→ **Task**: Below are entries to be transcribed exactly; exclude the pictures from the copy.

Task inputs: Begin

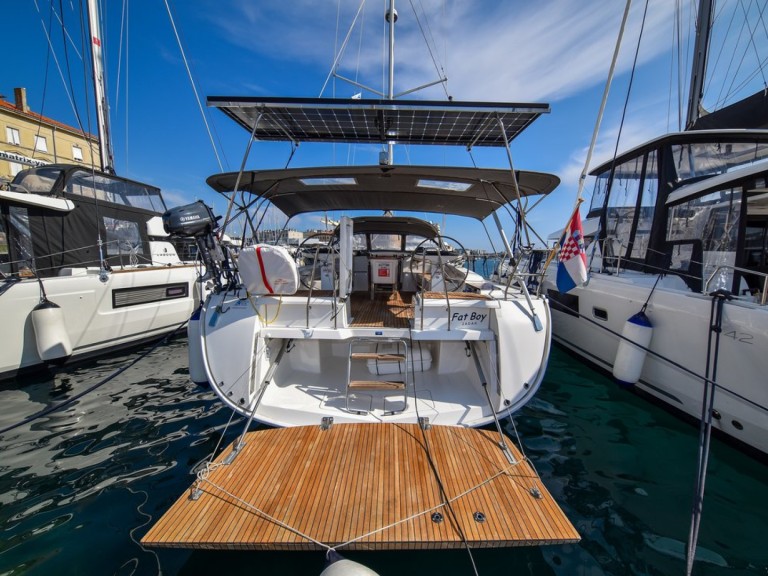 Ein Bavaria Cruiser 56 mieten in Zadar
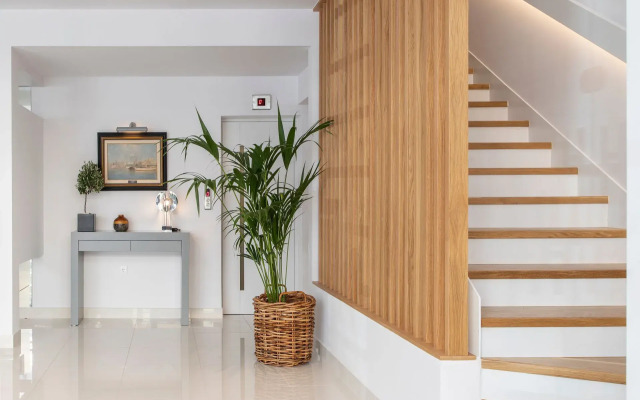 Gallery Suites & Residences, Piraeus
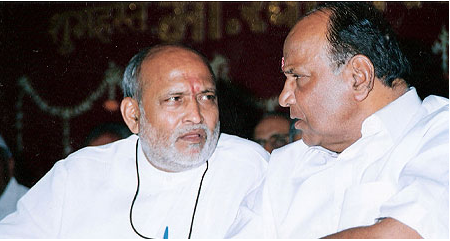 ये तस्वीर शरद पवार और उनके भाई बसंतराव पवार की है। 1960 के लोकसभा उपचुनाव में शरद पवार ने इनके खिलाफ चुनाव प्रचार किया था।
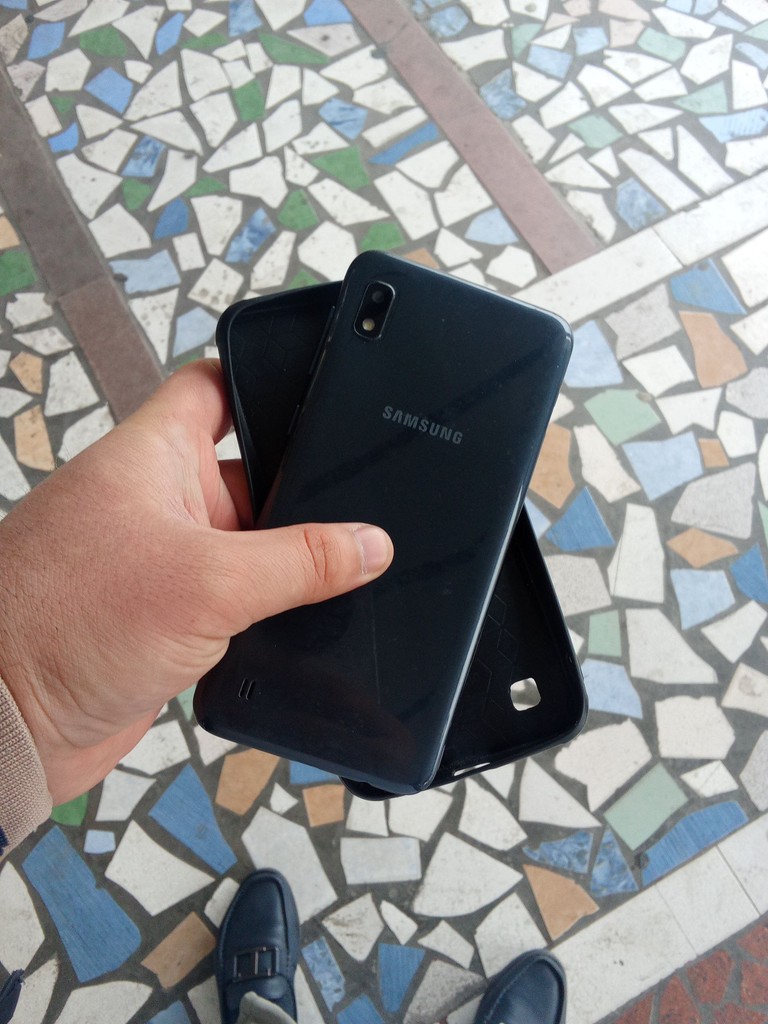 A10 32GB sensor shikastlangan, ishlaydi image 3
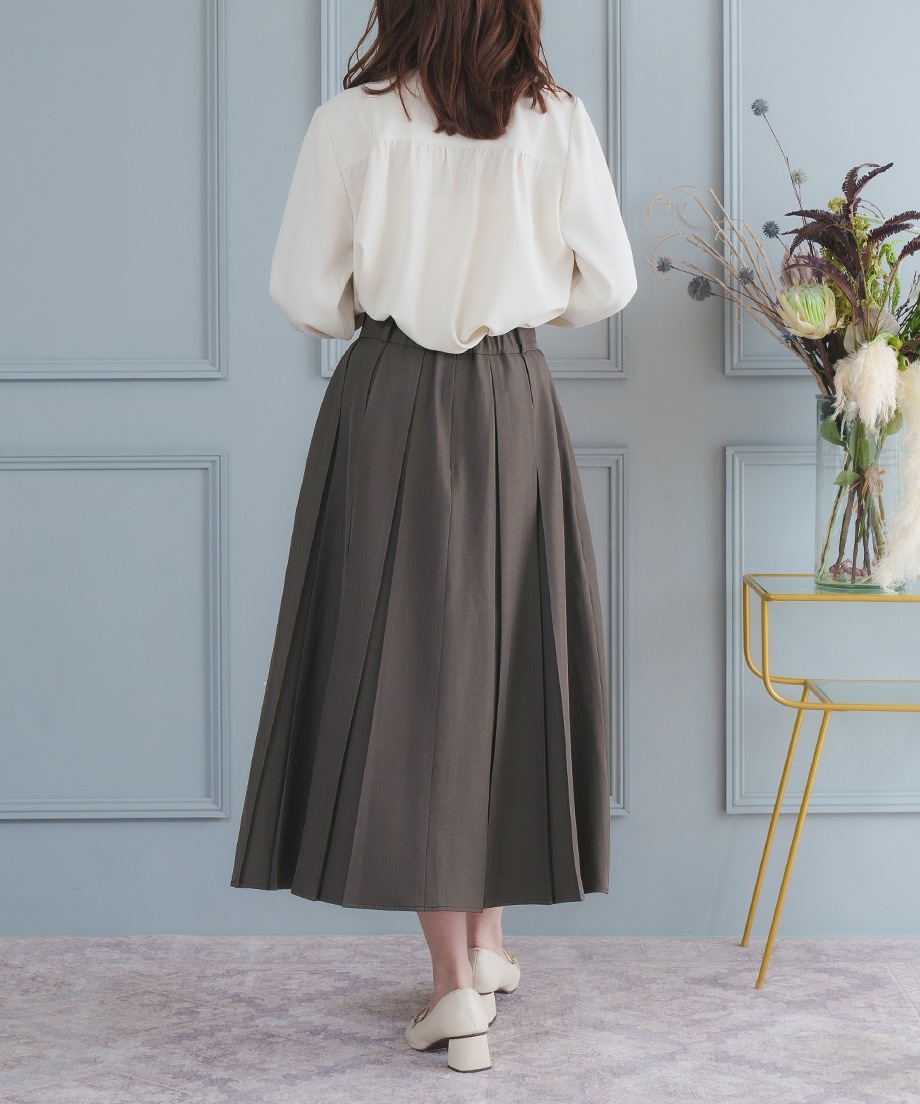 プリーツスカート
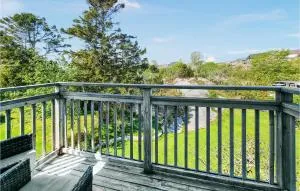 Awesome Apartment In Bohus-Malmön - 王室港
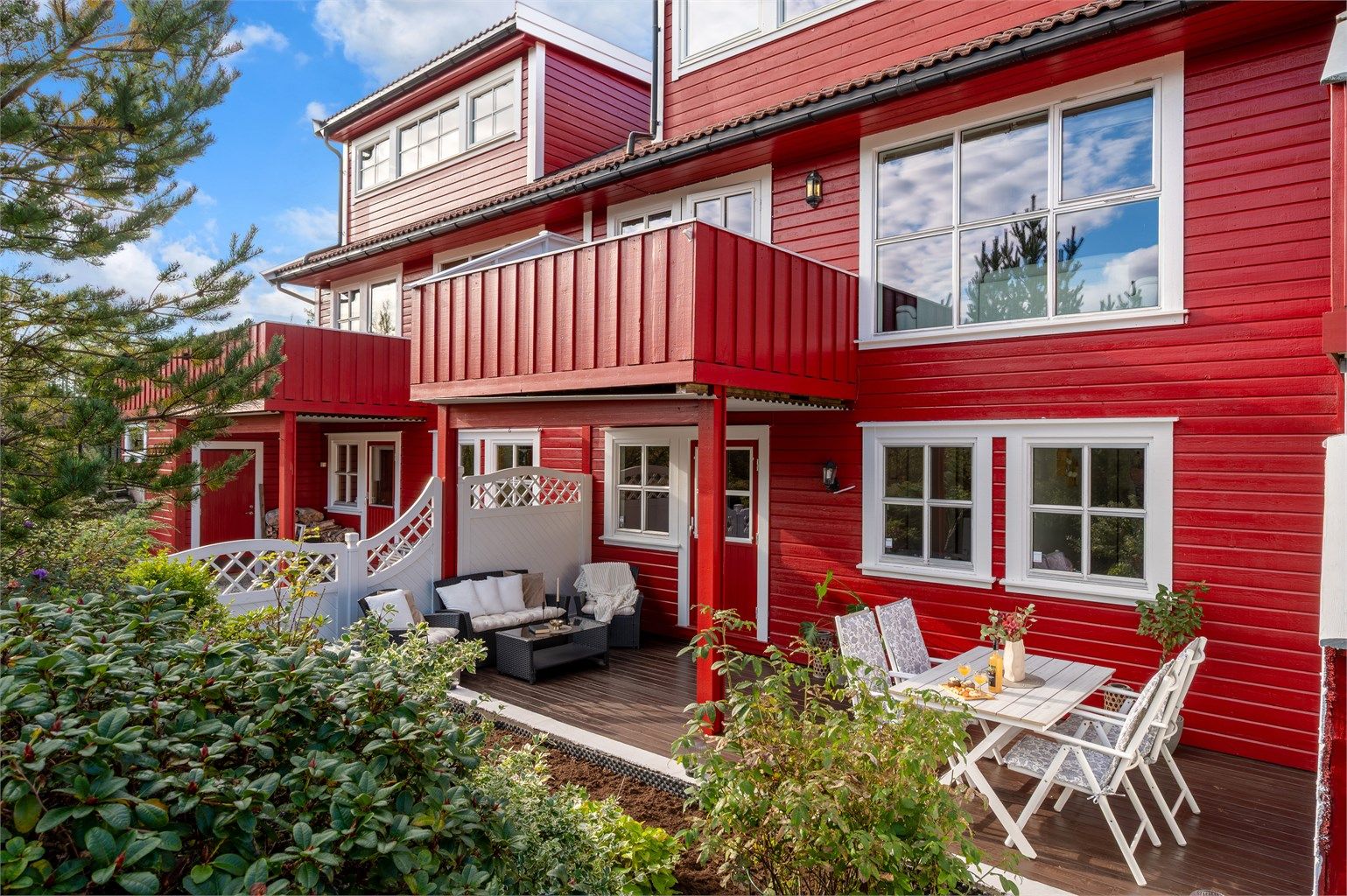 - Det er tre herlige uteplasser til boligen, terrasse og altan på bakside og terrasse ved inngangsparti -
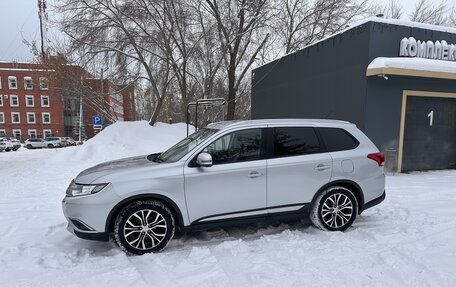 Mitsubishi Outlander III рестайлинг 3, 2016 год, 2 100 000 рублей, 1 фотография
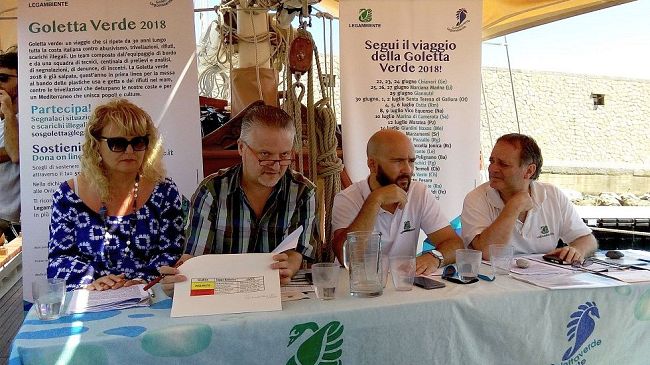 Legambiente Toscana: nelle foci dei fiumi cariche batteriche molto elevate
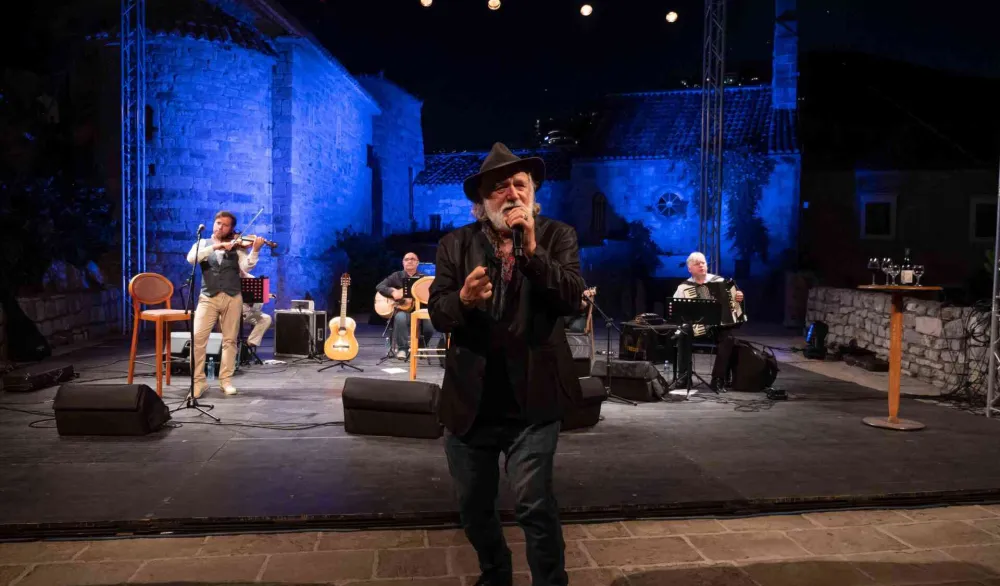 Rade &Scaron;erbedžija i Zapadni kolodvor - koncert "Jesen stiže, dunjo moja"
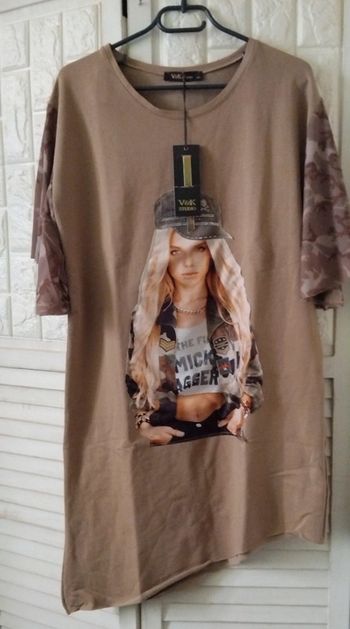 T-shirt militaire  long  manches courtes Femme militaire sur le haut et strass :  Taille : 40 - neuf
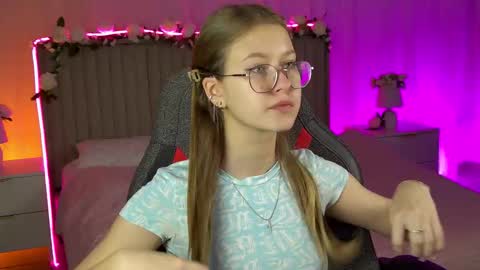 Snapshot of evemundie chatting on 10.25.25 Eve online show from 10.25.25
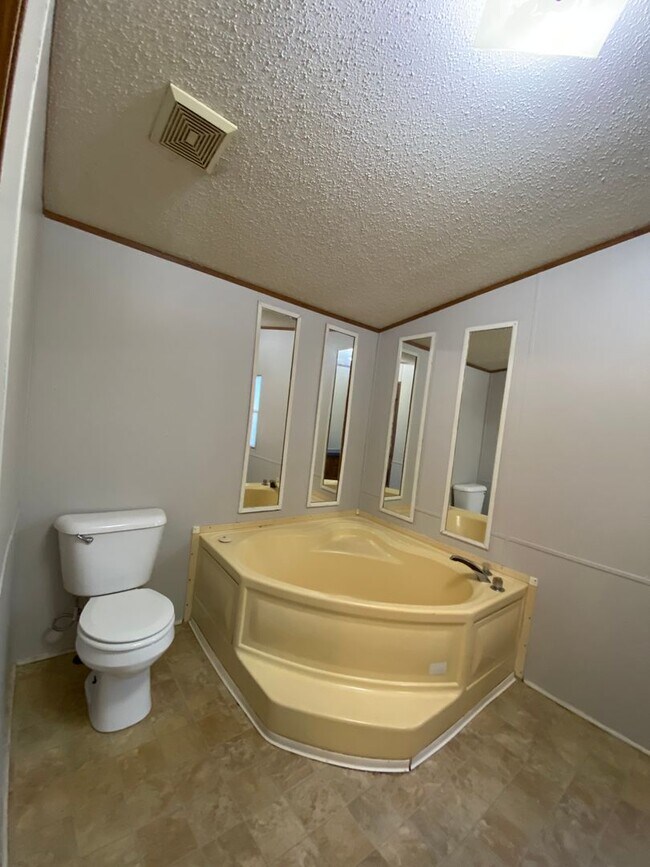 Building Photo - 3521 Gladden Lane W.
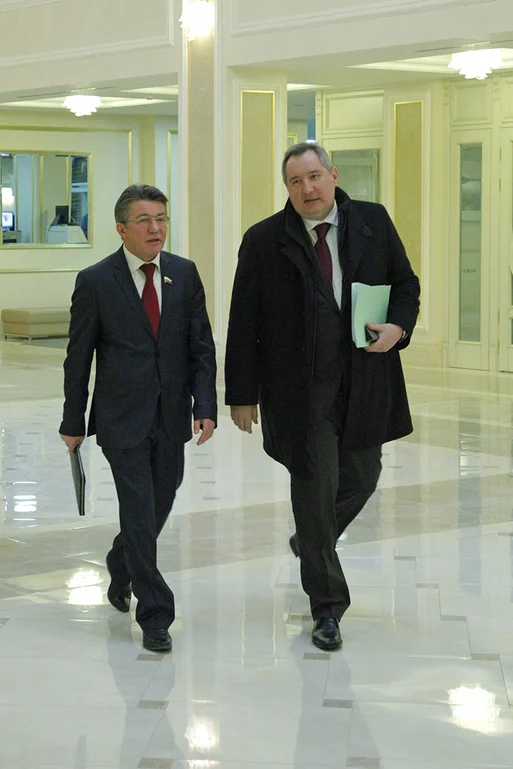 Виктор Озеров и Дмитрий Рогозин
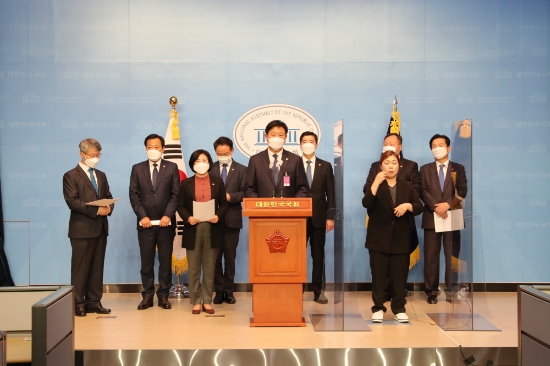 지방의회법 제정촉구 기자회견/사진=전남도의회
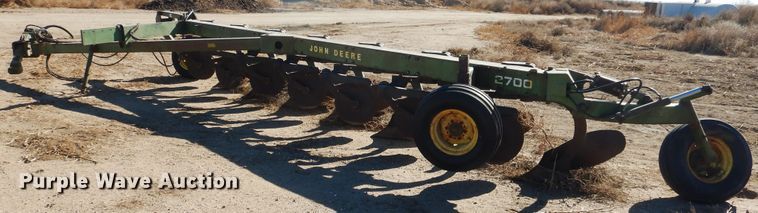 image for item HL9519 John Deere A2700 seven bottom plow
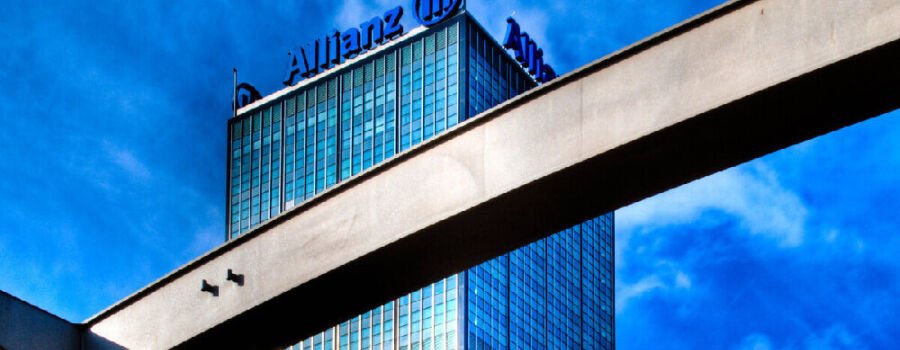 Die Allianz ist ein global operierender Versicherungs- und Finanzdienstleistungskonzern mit Hauptsitz in München, Deutschland.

Task inputs: End

→ **Result**:
 Ein Bavaria Cruiser 56 mieten in Zadar
 Gallery Suites & Residences, Piraeus
 ये तस्वीर शरद पवार और उनके भाई बसंतराव पवार की है। 1960 के लोकसभा उपचुनाव में शरद पवार ने इनके खिलाफ चुनाव प्रचार किया था।
 A10 32GB sensor shikastlangan, ishlaydi image 3
 プリーツスカート
 Awesome Apartment In Bohus-Malmön - 王室港
 - Det er tre herlige uteplasser til boligen, terrasse og altan på bakside og terrasse ved inngangsparti -
 Mitsubishi Outlander III рестайлинг 3, 2016 год, 2 100 000 рублей, 1 фотография
 Legambiente Toscana: nelle foci dei fiumi cariche batteriche molto elevate
 Rade &Scaron;erbedžija i Zapadni kolodvor - koncert "Jesen stiže, dunjo moja"
 T-shirt militaire  long  manches courtes Femme militaire sur le haut et strass :  Taille : 40 - neuf
 Snapshot of evemundie chatting on 10.25.25 Eve online show from 10.25.25
 Building Photo - 3521 Gladden Lane W.
 Виктор Озеров и Дмитрий Рогозин
 지방의회법 제정촉구 기자회견/사진=전남도의회
 image for item HL9519 John Deere A2700 seven bottom plow
 Die Allianz ist ein global operierender Versicherungs- und Finanzdienstleistungskonzern mit Hauptsitz in München, Deutschland.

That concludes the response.